A medida que va conectando acontecimientos históricos aparentemente dispares, el movimiento contra el racismo consigue un alcance más amplio. Repara en que el genocidio de los pueblos indígenas de las Américas y Australia forman parte del mismo lienzo histórico que da lugar a las injusticias recientes contra las que dirigen su lucha. Advierten que los muros con las que Estados Unidos trata de protegerse de América Latina, Europa de África y Asia y la Gran Bretaña del resto del mundo, no separan a los civilizados de los incivilizados, ni a las democracias del despotismo, sino que distancian a los privilegiados de aquellos cuyo trabajo ha sido la fuente de muchos de sus ventajas comparativas.

Al observar las protestas en el Reino Unido y en otros lugares del mundo, uno siente que está observando no sólo un movimiento de masas, sino una revuelta que funciona como una especie de seminario que chisporrotea con desbordante energía intelectual. Los manifestantes, muchos de los cuales apenas  han abandonado la adolescencia son académica y políticamente maduros. Están estableciendo los vínculos entre la historia del colonialismo y el racismo estructural que es su herencia más perdurable. Lo hacen a pesar de que la educación oficial no los equipó para establecer esos vínculos. La calle se ha vuelto su salón de clases porque la escuela, desde los cursos básicos hasta la universidad, les ha fallado.

Los que firmamos éstas líneas hemos pasado un buen número de años en Goldsmiths (parte de la Universidad de Londres) revisando los cursos que coordinamos para que logren, en lo medida de lo posible, ligar los temas a tratar con las luchas contemporáneas. Nos emociona ver la brillantez con la que los estudiantes debaten el racismo,  la historia de la la conquistas, las de ayer y de hoy, y las formas contemporáneas que toma la exclusión.  Más que enseñar, proporcionamos algunas materias primas que permiten a los alumnos dar sentido a su experiencia vivida y traducirla en acción. Con frecuencia, los educandos se han vuelto en nuestros maestros. Un caso notable fue ocupación de la rectoría de la universidad en 2019, cuando los jóvenes militantes  exigieron que la institución y todos lo que allí trabajamos reconociéramos nuestros privilegios y abordáramos, de una buen vez, nuestra complicidad en la reproducción del racismo y la cultura patriarcal que privan en las instituciones de educación superior.

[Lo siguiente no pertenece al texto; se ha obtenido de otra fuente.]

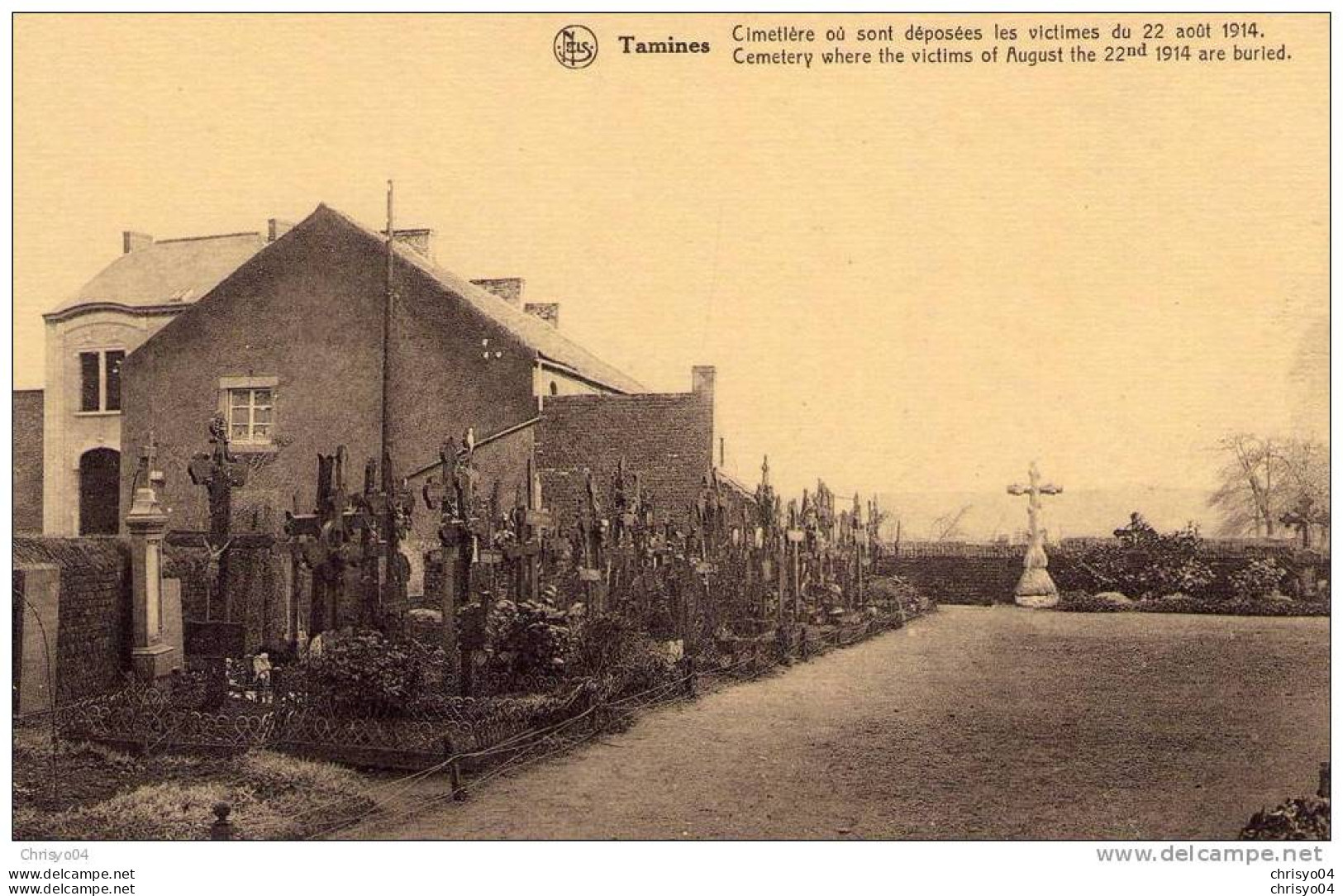 BELGIQUE TAMINES CIMETIERE OU SONT DEPOSEES LES VICTIMES  DU 22/08/1914 - Sambreville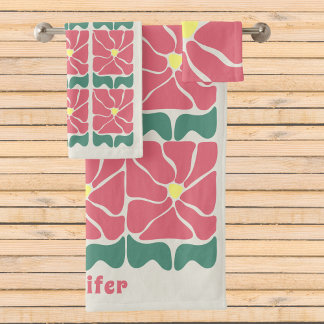 Retro vintage flower pattern  bath towel set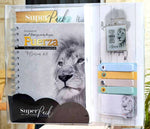 Súper pack libreta + llavero + notas adhesivas león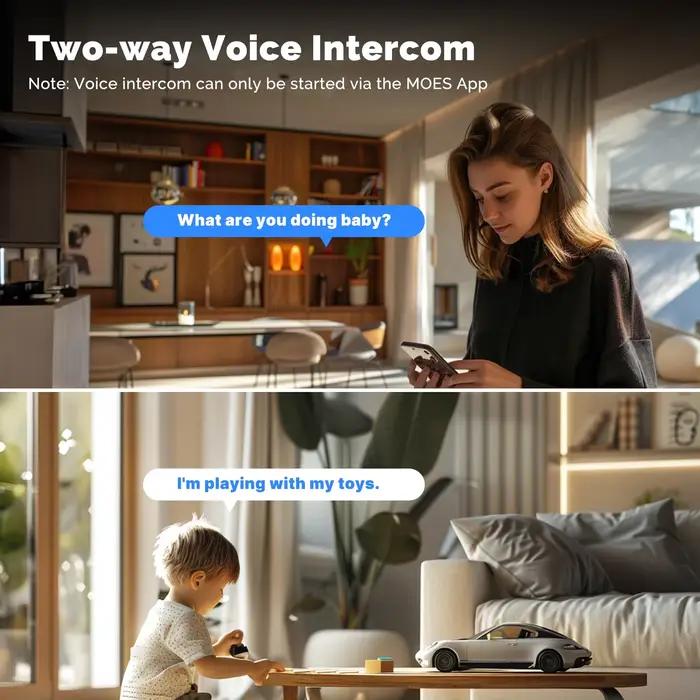 Moes Tuya WiFi caméra intelligente intérieure 4MP objectif double écran 2.4G/5G Vision nocturne infrarouge détection de mouvement suivi automatique Audio bidirectionnel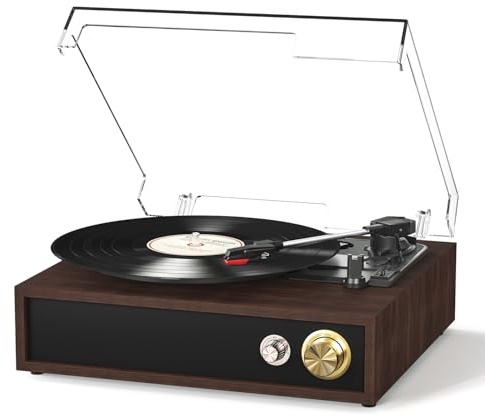 FYDEE Plattenspieler, Schallplattenspieler mit Stereo Lautsprecher, Bidirektionales Bluetooth 5.4, Direkte USB-Aufnahme Vinyl zu MP3, 3 Geschwindigkeiten (33/45/78), RCA-Ausgang, Retro Ebenholz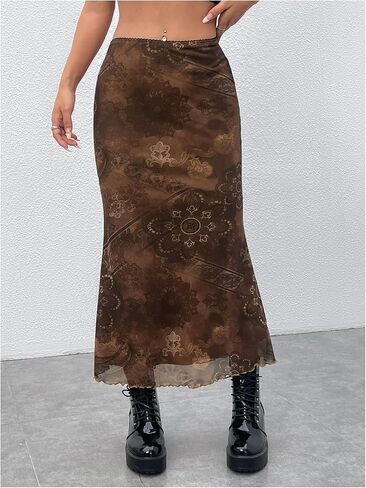 Women's Floral Midi Skirt Boho Mesh High Waisted Bodycon Summer Skirts in Kuwait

Esto es particularmente significativo, siendo  que los estudiantes suelen llegar a nuestras aulas sin haberse apenas encontrado con la historia del Imperio británico en el curso de su escolarización. En la Gran Bretaña es posible estudiar historia y política pasando de largo la trata de esclavos. Esto los hace más ansiosos por aprender de ese pasado y conectarlo con su presente. No se trata de que la mitad de nuestro alumnado sea negro, asiático o de una minoría étnica; como en el caso de los manifestantes, nuestros alumnos más comprometidos tienen tantas probabilidades de ser blancos como negros o asiáticos.

Los activistas involucrados en esta lucha están estableciendo conexiones, tal como los universitarios, muchos de ellos activos en el movimiento, han estado haciéndolo en el aula desde hace tiempo. Algo quizá más importante: van inventando, sobre la marcha,  una nuevo lenguaje político. Uno que se  rehúsa a separar las razones fácticas de las emociones vívidas. Como académicos pensamos que la universidad y la calle deben estar unidas; los activistas de Black Lives Matter y organizaciones afines están demostrando que esto es así. No nos sorprende, pues, que el asesinato de George Floyd en los Estados Unidos haya inyectado una renovada energía en los movimientos contra el racismo en todo el mundo, y especialmente en el Reino Unido.